British novelist and film critic . Name variations: Eileen Arnot Robertson; Eileen Arbuthnot Robertson; Mrs. Henry Ernest Turner. Born Eileen Arbuthnot Robertson in Holmwood, Surrey, England, in 1903; committed suicide in London, England, on September 21, 1961; daughter of G.A. Robertson (a doctor); educated at Sherbourne Girls' School, and in Switzerland and Paris; married Henry Turner (general secretary of the Empire Press Union), in 1927; children: one son.

Selected writings:

Cullum (1928); Three Came Unarmed (1928); Four Frightened People (1931); Ordinary Families (1933); Thames Portrait (1937); Summer's Lease (1940); The Signpost (1943); Devices and Desires (1954); Justice of the Heart (1958); Strangers on my Roof (posthumously released, 1964).

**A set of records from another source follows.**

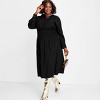 Women's Collared Long Sleeve Smocked Midi Shirtdress - Future Collective - 3 of 3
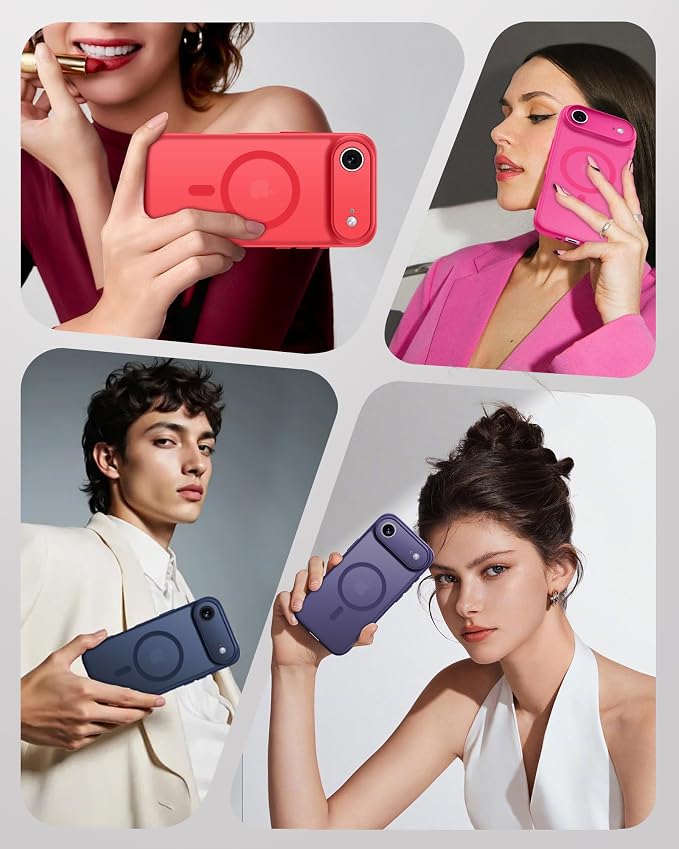 TOCOL for iPhone Air Case, Compatible with Magsafe Charger, Full Camera Protection, Drop Protection, Translucent Matte Phone Case for iPhone 17 Air 6.5 inch (Hot Pink)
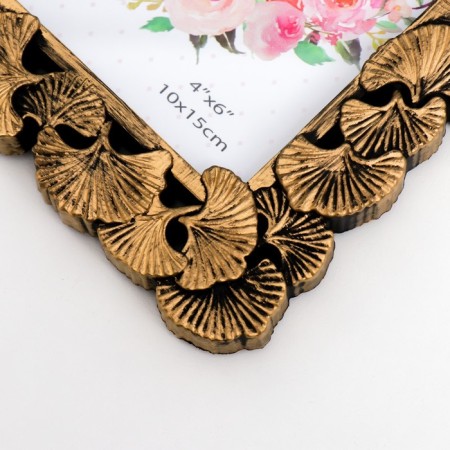 Photo frame plastic 10x15 cm "Leaves-faith" dark gold 20x14.5 cm-2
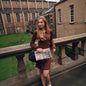 Women's Sleeve Knitted Dress Spring French Sunken Dresses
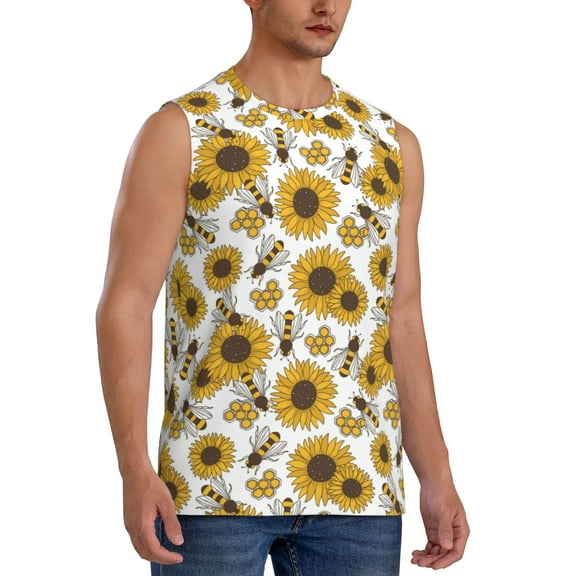 Fotbe Men's Sunflowers and Bees Print Men's Sleeveless Muscle Tank Tops Casual T-Shirts for Gym Workout Beach-Small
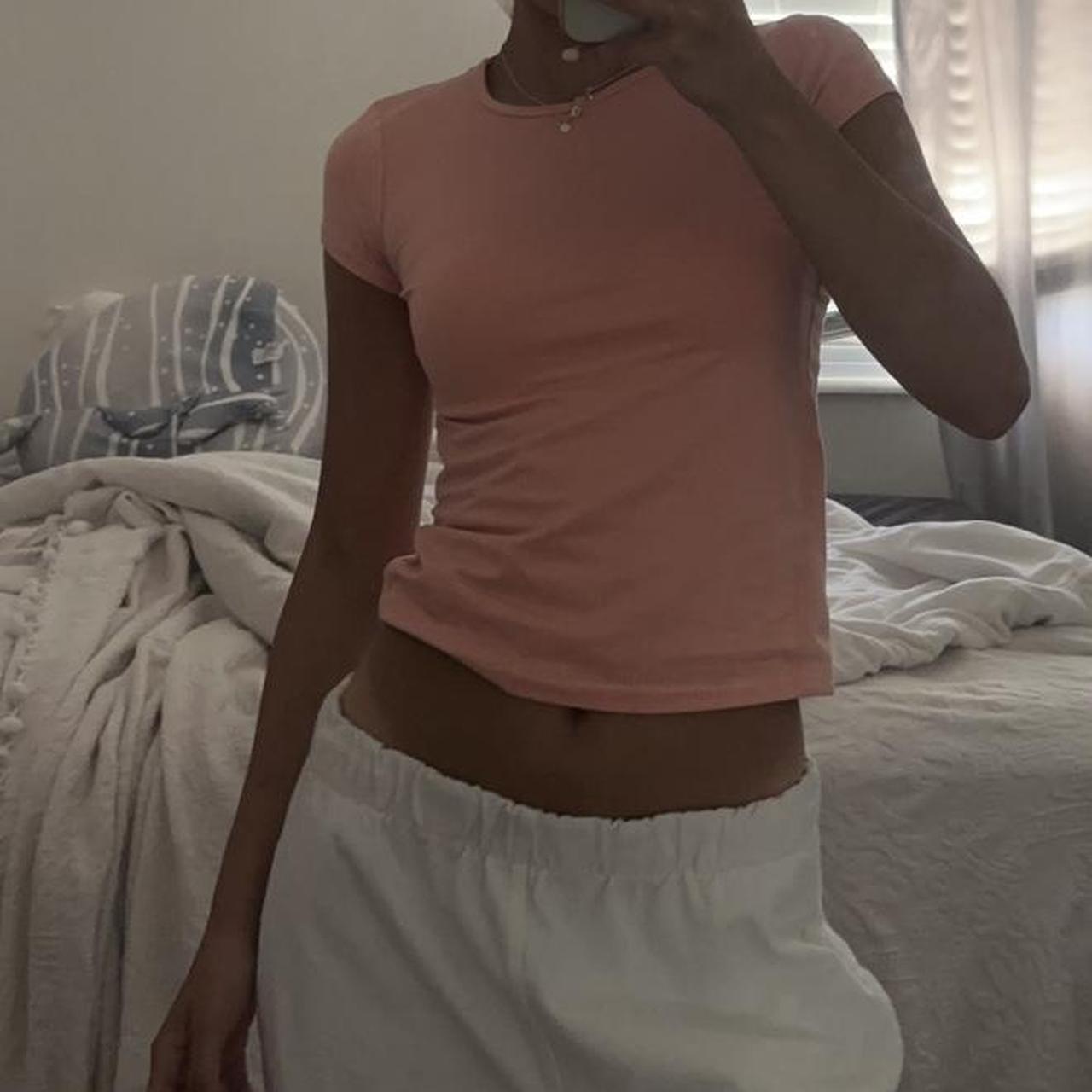 Peach fitted tee with cool back cut out can fit xs-s - Depop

Born Eileen Arbuthnot Robertson in Surrey, England, in 1903, E. Arnot Robertson grew up under the shadow of disappointment, because she did not excel in the sports or music that were most valued by her family. To compensate, she started writing, choosing exotic locations as settings for her novels. She was a world traveler—beginning with her attendance at schools in Switzerland and Paris in addition to her unhappy education at Sherbourne Girls' School—but she chose to locate her stories in places unfamiliar to her, such as Singapore, Malaya, Greece, Zanzibar and Hong Kong. Her first novel, Cullum (1928), was the story of an affair between a girl and a womanizing writer. Three Came Unarmed, the story of three children raised in Borneo and transplanted in England, appeared the same year.

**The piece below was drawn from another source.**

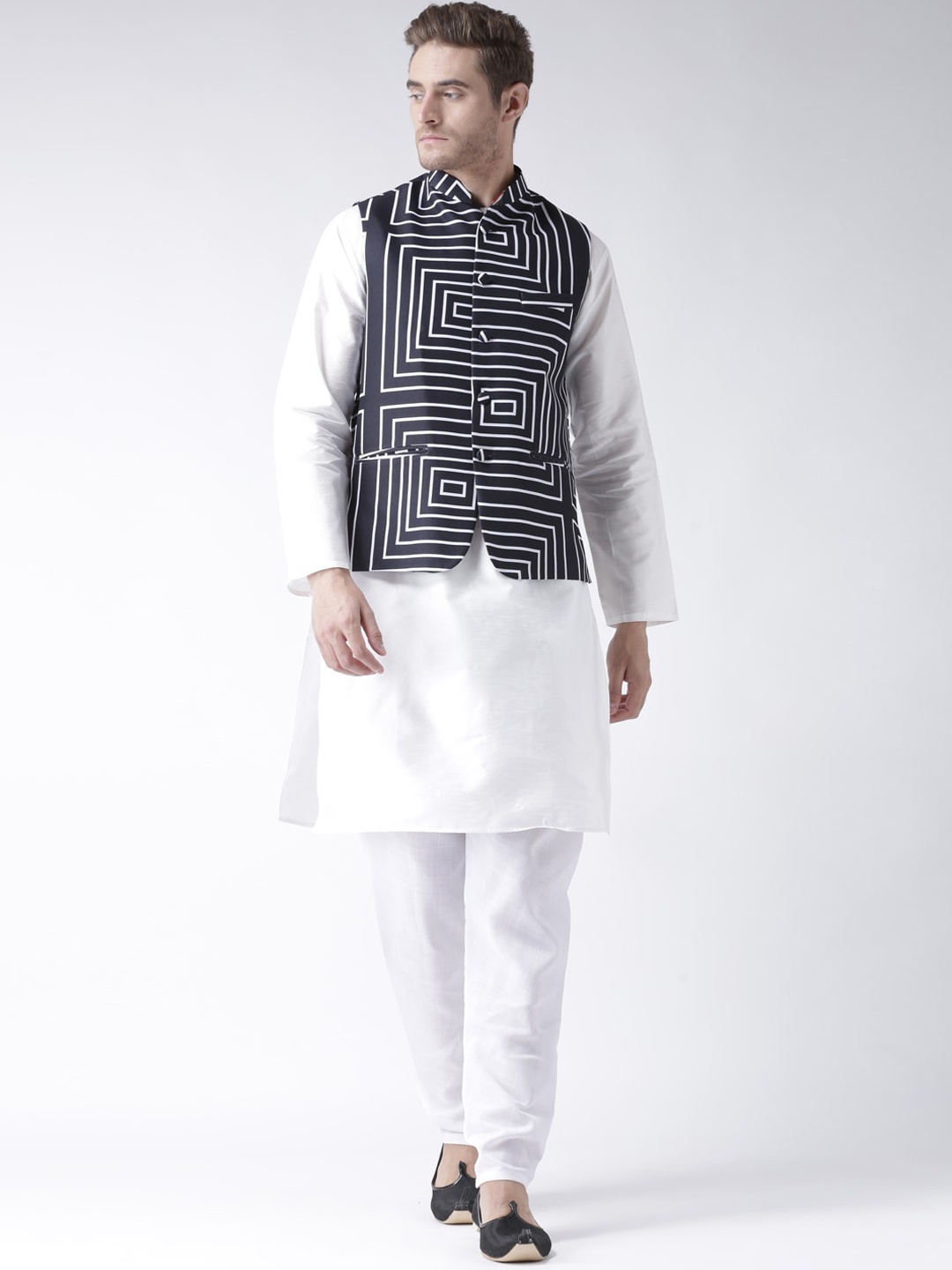 

Hangup Men Kurta & Pyjamas With Nehru Jacket, White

However, it was not until 1931 that Robertson gained wide recognition, with her novel Four Frightened People, which flipped the plot of Three Came Unarmed by focusing on four English characters in a jungle. Her 1933 bestseller, Ordinary Families, portrayed a middle-class household who shared her own reallife family's passion for sailing. It was adapted as a film by Cecil B. De Mille in 1934. Robertson's subsequent novels, Thames Portrait (1937), Summer's Lease (1940), The Signpost (1943), Devices and Desires (1954), Justice of the Heart (1958) and Strangers on my Roof (1964), were never as notable as her early writings.

Following World War II, Robertson began working as a film critic, and made the news with a libel suit against MGM after the movie studio banned her from screenings because of her hostile reviews. Although she won the first round of the lawsuit, the House of Lords overturned the ruling. In the spring of 1961, Robertson's husband of more than 30 years drowned in a boating accident; five months later, she committed suicide.

sources:

Shattock, Joanne. The Oxford Guide to British Women Writers. Oxford: Oxford University Press, 1993.